* _Work to complete_: Starting at the first line of the material below, retype each line exactly until you reach the line with "ID 15588 One-bedroom", which is also included; pictures stay out.

═══ Records provided ═══

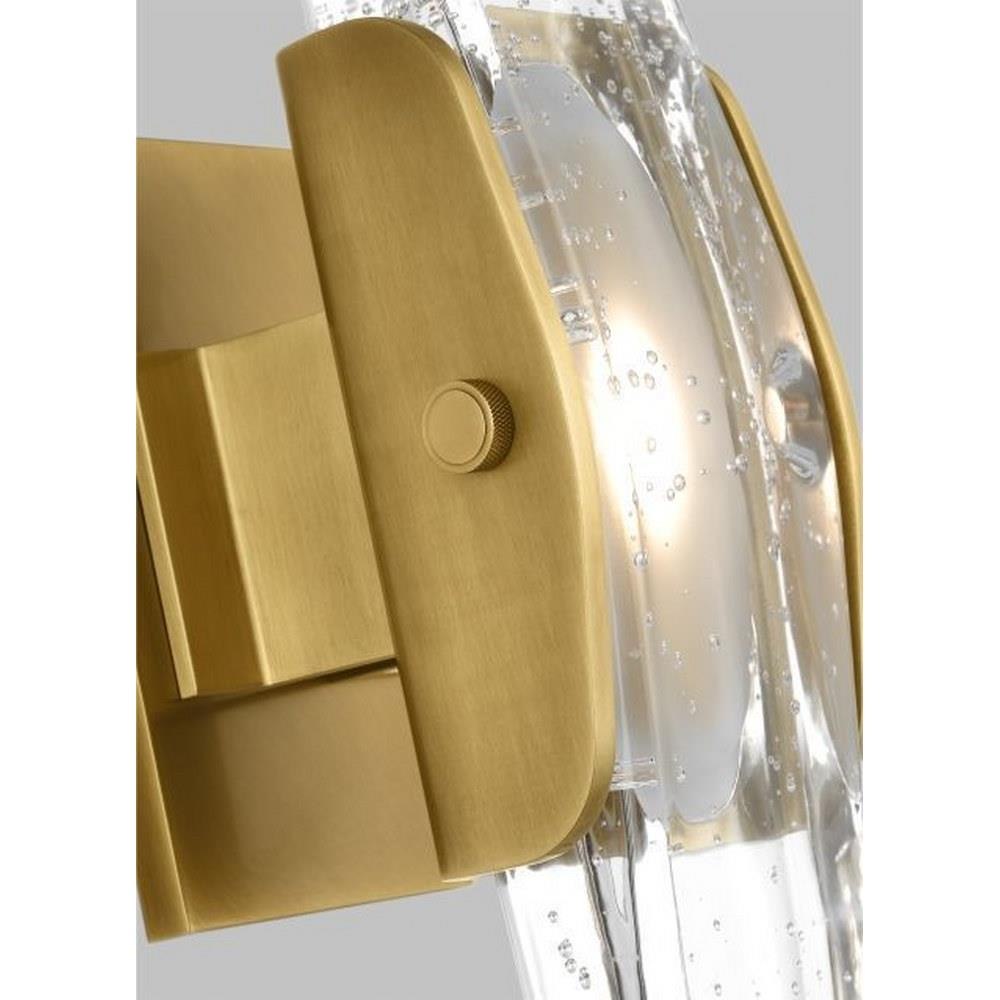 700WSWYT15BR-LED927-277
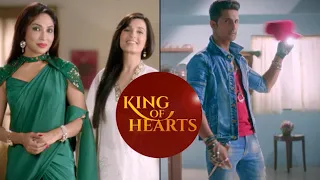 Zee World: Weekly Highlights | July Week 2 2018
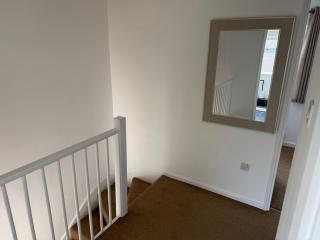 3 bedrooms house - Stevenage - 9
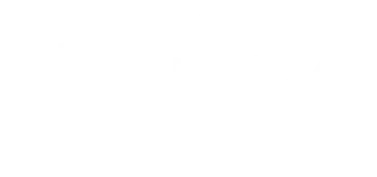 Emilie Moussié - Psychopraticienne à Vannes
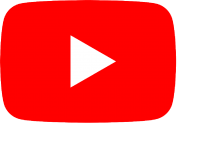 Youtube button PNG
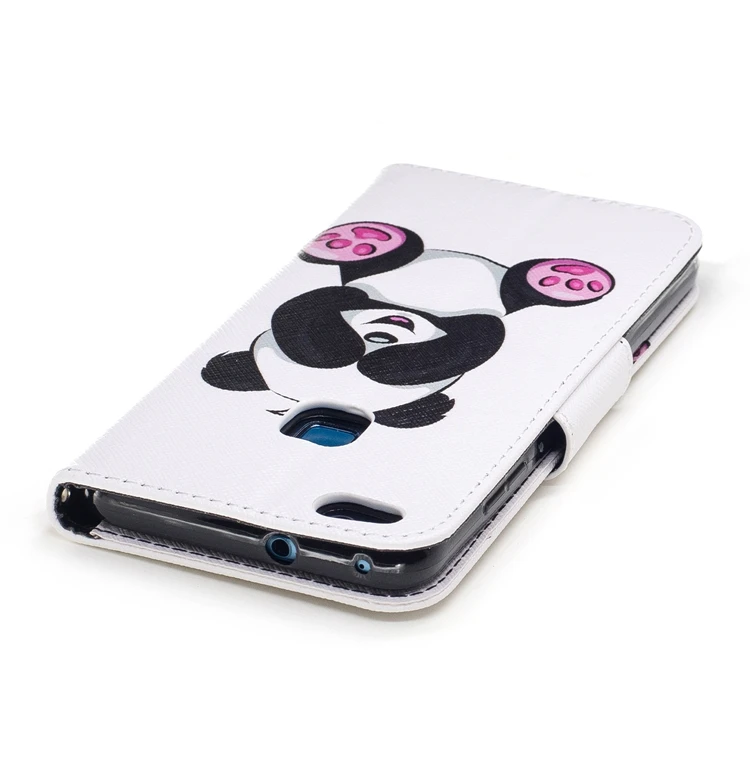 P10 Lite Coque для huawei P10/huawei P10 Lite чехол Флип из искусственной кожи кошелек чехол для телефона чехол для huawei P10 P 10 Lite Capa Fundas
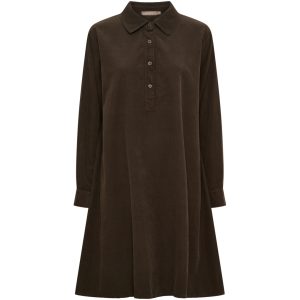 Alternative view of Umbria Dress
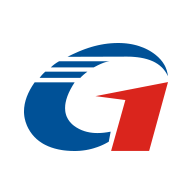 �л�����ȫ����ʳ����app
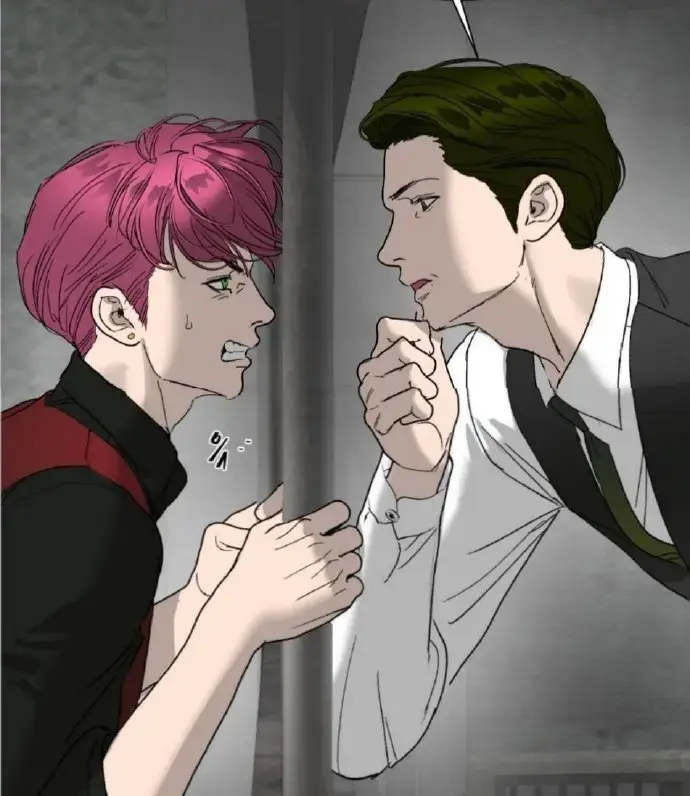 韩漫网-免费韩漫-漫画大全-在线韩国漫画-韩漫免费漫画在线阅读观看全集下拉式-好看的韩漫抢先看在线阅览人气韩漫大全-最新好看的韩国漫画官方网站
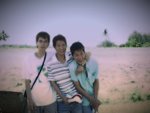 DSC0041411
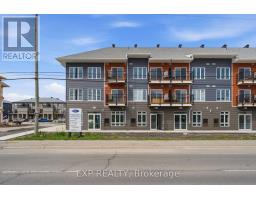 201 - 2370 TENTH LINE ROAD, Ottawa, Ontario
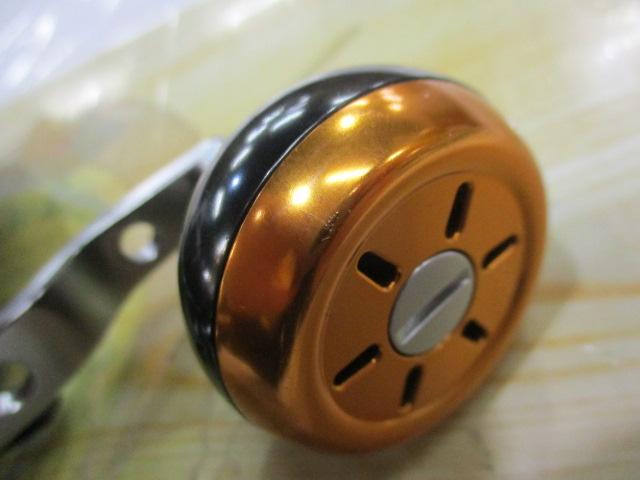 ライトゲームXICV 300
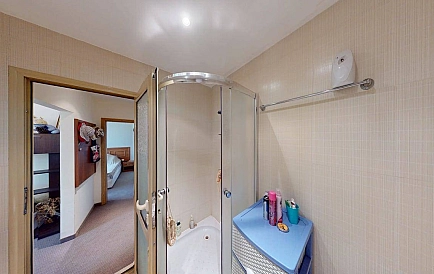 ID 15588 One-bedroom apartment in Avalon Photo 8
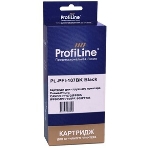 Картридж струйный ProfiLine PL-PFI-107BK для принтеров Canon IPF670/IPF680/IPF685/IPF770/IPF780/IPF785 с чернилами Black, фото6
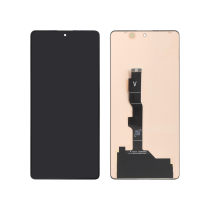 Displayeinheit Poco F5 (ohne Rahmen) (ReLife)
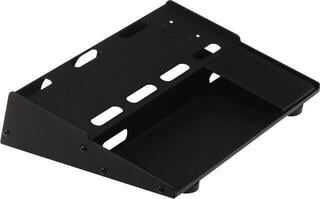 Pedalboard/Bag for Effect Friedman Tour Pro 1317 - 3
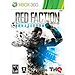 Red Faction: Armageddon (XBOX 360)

═══

* _Response below_:
 700WSWYT15BR-LED927-277
 Zee World: Weekly Highlights | July Week 2 2018
 3 bedrooms house - Stevenage - 9
 Emilie Moussié - Psychopraticienne à Vannes
 Youtube button PNG
 P10 Lite Coque для huawei P10/huawei P10 Lite чехол Флип из искусственной кожи кошелек чехол для телефона чехол для huawei P10 P 10 Lite Capa Fundas
 Alternative view of Umbria Dress
 �л�����ȫ����ʳ����app
 韩漫网-免费韩漫-漫画大全-在线韩国漫画-韩漫免费漫画在线阅读观看全集下拉式-好看的韩漫抢先看在线阅览人气韩漫大全-最新好看的韩国漫画官方网站
 DSC0041411
 201 - 2370 TENTH LINE ROAD, Ottawa, Ontario
 ライトゲームXICV 300
 ID 15588 One-bedroom apartment in Avalon Photo 8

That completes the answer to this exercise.